2 – Para efeitos do disposto na alínea e) do número anterior, o juiz pode determinar a adoção da tramitação

processual adequada às especificidades da causa e adaptar o conteúdo e a forma dos atos processuais ao fim

que visam atingir, assegurando um processo equitativo.

3 – O despacho que marque a audiência prévia indica o seu objeto e finalidade, mas não constitui caso

julgado sobre a possibilidade de apreciação imediata do mérito da causa.

4 – Não constitui motivo de adiamento a falta das partes ou dos seus mandatários.

5 – A audiência prévia é, sempre que possível, gravada, aplicando-se, com as necessárias adaptações, o

disposto sobre a matéria na lei processual civil.

6 – Os requerimentos probatórios podem ser alterados na audiência prévia.

Artigo 87.º-B

Não realização da audiência prévia

1 – A audiência prévia não se realiza quando seja claro que o processo deve findar no despacho saneador

pela procedência de exceção dilatória.

2 – O juiz pode dispensar a realização de audiência prévia quando esta se destine apenas ao fim previsto

na alínea b) do n.º 1 do artigo anterior.

3 – Nas ações que hajam de prosseguir, o juiz pode dispensar a realização da audiência prévia quando

esta se destine apenas aos fins previstos nas alíneas d), e) e f) do n.º 1 do artigo anterior, proferindo, nesse

caso, despacho para os fins indicados, nos 20 dias subsequentes ao termo dos articulados.

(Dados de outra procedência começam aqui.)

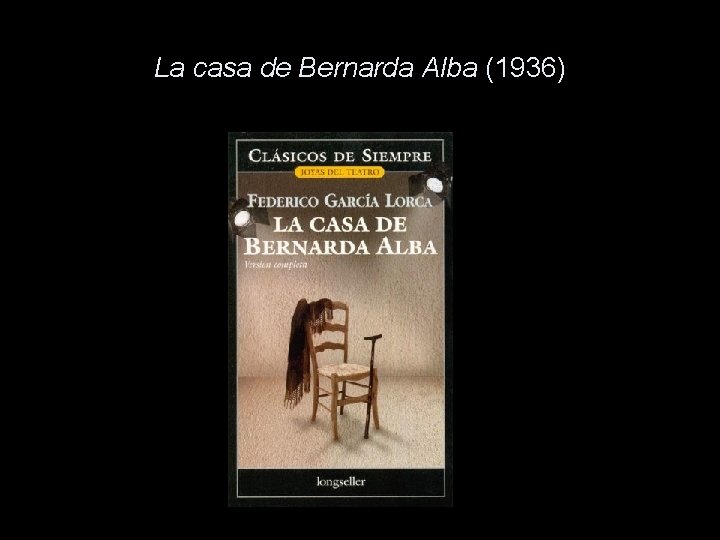 La casa de Bernarda Alba (1936) 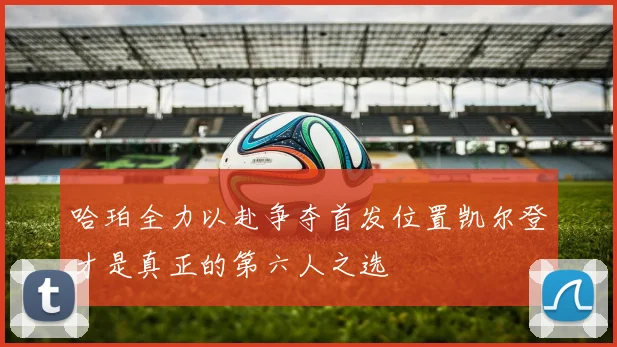 哈珀全力以赴争夺首发位置凯尔登才是真正的第六人之选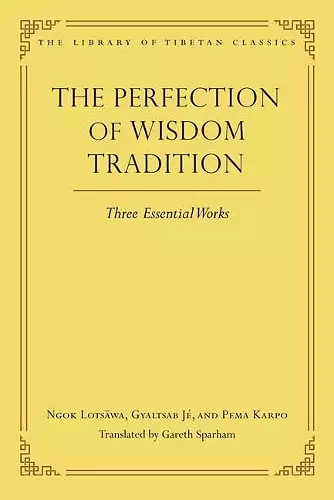 The Perfection of Wisdom Tradition cover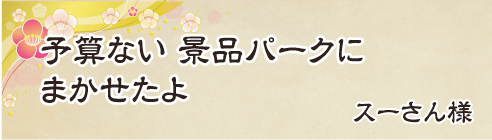 予算ない　景品パークに　まかせたよ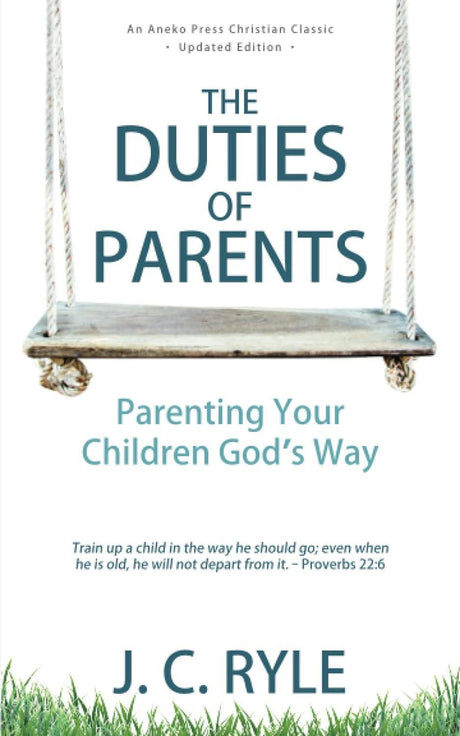 The Duties of Parents: Parenting Your children God Way [Updated, Annotated] is a comprehensive parenting guide that offers valuable advice and insights for parents. This book provides religious perspectives on parenting and offers guidance on how to raise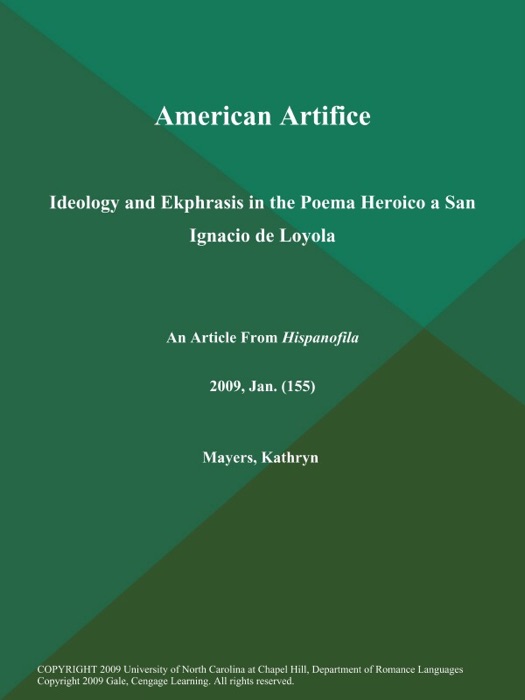 American Artifice: Ideology and Ekphrasis in the Poema Heroico a San Ignacio de Loyola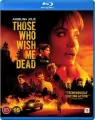Those Who Wish Me Dead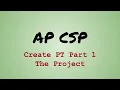 AP CS Principles Create PT Part 1 - Full Project Guide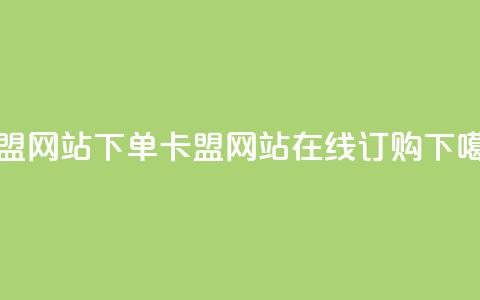 卡盟网站下单(卡盟网站在线订购)  第1张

4 – Notificadas as partes, se alguma delas pretender reclamar dos despachos proferidos para os fins

previstos nas alíneas e), f) e g) do n.º 1 do artigo anterior, pode requerer, em 10 dias, a realização de

audiência prévia, que, neste caso, deve realizar-se num dos 20 dias seguintes e destinar-se a apreciar as

questões suscitadas e, acessoriamente, a fazer uso do disposto na alínea c) do n.º 1 do artigo anterior,

podendo haver alteração dos requerimentos probatórios.

Artigo 87.º-C

Tentativa de conciliação e mediação

1 – Quando a causa couber no âmbito dos poderes de disposição das partes, pode ter lugar, em qualquer

estado do processo, tentativa de conciliação ou mediação, desde que as partes conjuntamente o requeiram ou

o juiz a considere oportuna, mas as partes não podem ser convocadas exclusivamente para esse fim mais do

que uma vez.

2 – Para o efeito do disposto no número anterior, as partes são notificadas para comparecer pessoalmente

ou se fazerem representar por mandatário judicial com poderes especiais.

3 – A tentativa de conciliação é presidida pelo juiz, devendo este empenhar-se ativamente na obtenção da

solução mais adequada aos termos do litígio.

4 – Frustrando-se, total ou parcialmente, a conciliação, ficam consignadas em ata as concretas soluções

sugeridas pelo juiz, bem como os fundamentos que, no entendimento das partes, justificam a persistência do

litígio.

5 – A mediação processa-se nos termos previstos na lei processual civil e no regime jurídico da mediação

civil e comercial, com as necessárias adaptações.